> _WHAT TO PRODUCE_
Make an exact transcription of the data below.

Scraped caption text data:
════

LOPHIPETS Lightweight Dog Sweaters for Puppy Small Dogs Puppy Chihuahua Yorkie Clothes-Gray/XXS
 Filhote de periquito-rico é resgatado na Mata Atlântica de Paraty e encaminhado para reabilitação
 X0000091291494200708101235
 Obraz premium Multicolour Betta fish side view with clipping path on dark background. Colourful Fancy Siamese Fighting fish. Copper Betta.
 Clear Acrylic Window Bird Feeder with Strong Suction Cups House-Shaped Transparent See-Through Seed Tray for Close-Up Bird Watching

════

> _EXERCISE RESPONSE_
LOPHIPETS Lightweight Dog Sweaters for Puppy Small Dogs Puppy Chihuahua Yorkie Clothes-Gray/XXS
 Filhote de periquito-rico é resgatado na Mata Atlântica de Paraty e encaminhado para reabilitação
 X0000091291494200708101235
 Obraz premium Multicolour Betta fish side view with clipping path on dark background. Colourful Fancy Siamese Fighting fish. Copper Betta.
 Clear Acrylic Window Bird Feeder with Strong Suction Cups House-Shaped Transparent See-Through Seed Tray for Close-Up Bird Watching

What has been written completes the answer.